Bowles filed his fourth motion for postconviction relief in Florida state court on October 19, 2017. That motion raised a single claim of intellectual disability based on the Supreme Court’s decisions in Moore v. Texas, ––– U.S. ––––, 137 S. Ct. 1039, 197 L.Ed.2d 416 (2017), Hall v. Florida, 572 U.S. 701, 134 S.Ct. 1986, 188 L.Ed.2d 1007 (2014), and Atkins v. Virginia, 536 U.S. 304, 122 S.Ct. 2242, 153 L.Ed.2d 335 (2002). Bowles amended his intellectual disability claim on July 1, 2019, after the Governor denied his clemency application and set an execution date for August 22, a little more than seven weeks later. In his amended motion Bowles asserted that he "is now, and has always been, an intellectually disabled person." As a result, he claimed, his death sentence must be vacated because the Supreme Court in Atkins had created a "categorical rule" making intellectually disabled offenders "ineligible for the death penalty."

The Florida postconviction trial court summarily denied the motion as untimely and the Florida Supreme Court affirmed. See Bowles v. State, Nos. SC19-1184 & SC19-1264, 2019 WL 3789971, at *1–3 (Fla. Aug. 13, 2019). The Florida Supreme Court also denied Bowles’ habeas claim that the death penalty is cruel and unusual punishment and is barred by the Eighth Amendment of the United States Constitution. Id. at *3–4. Bowles then filed a petition for a writ of certiorari in the United States Supreme Court and asked that Court for a stay of execution. See Bowles v. State, Nos. 19-5617 & 19A183 (U.S. Aug. 16, 2019).

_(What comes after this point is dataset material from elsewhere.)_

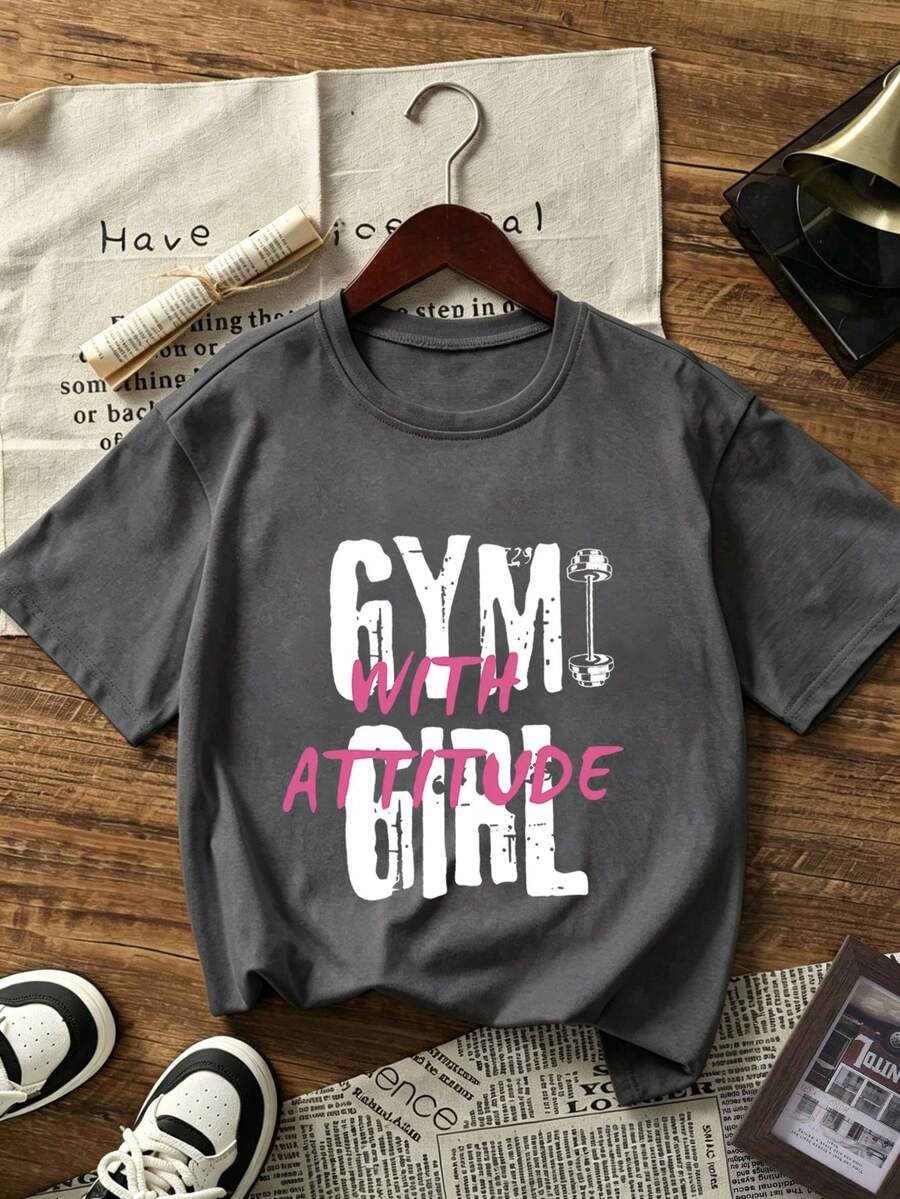 Playeras de Mujer Cuello Redondo Manga Corta, Camiseta con Estampado de Moda Actual, Tops Básicos Casuales - Gris Oscuro - Ver 1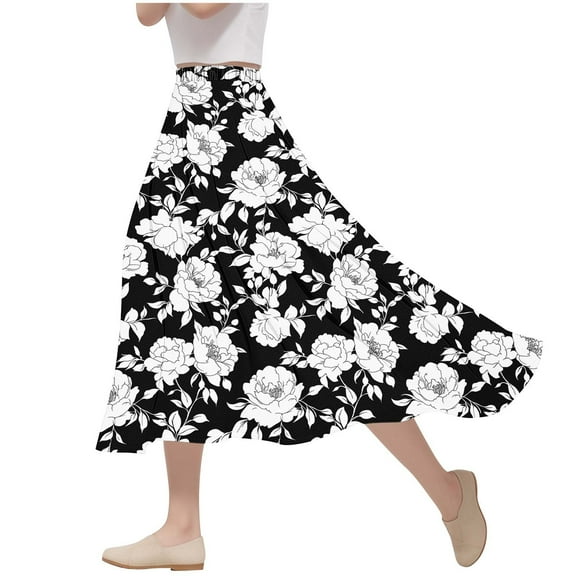 Summer Womens Midi Skirts Elastic Waisted A-Line Printed Flowy Beach Long Skirts Women Casual Daily Flowy Dresses Black-02 L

F. Second Federal § 2254 Petition And Motion To Stay

On August 14, 2019, Bowles filed his second 28 U.S.C. § 2254 petition in federal district court, this time raising his claim of intellectual disability. He also filed a motion for a stay of execution. The district court dismissed the petition for lack of subject matter jurisdiction. It concluded that because Bowles had already filed a § 2254 petition in 2008, he could not file another one without first obtaining this Court’s authorization, which he had not done. The court also denied Bowles’ motion for a stay of execution. Bowles appealed the district court’s dismissal of his habeas petition and has moved this Court for an emergency stay of execution "to allow for full and fair consideration" of his appeal.

II. DISCUSSION

We may grant a stay of execution only if Bowles can establish that: "(1) he has a substantial likelihood of success on the merits; (2) he will suffer irreparable injury unless the injunction issues; (3) the stay would not substantially harm the other litigant; and (4) if issued, the injunction would not be adverse to the public interest." Powell v. Thomas, 641 F.3d 1255, 1257 (11th Cir. 2011). The "most important question concerning a stay" is whether Bowles can show a substantial likelihood of success on the merits. Jones v. Comm’r, Ga. Dep’t of Corr., 811 F.3d 1288, 1292 (11th Cir. 2016). For the reasons articulated in the district court’s well-reasoned order, he cannot.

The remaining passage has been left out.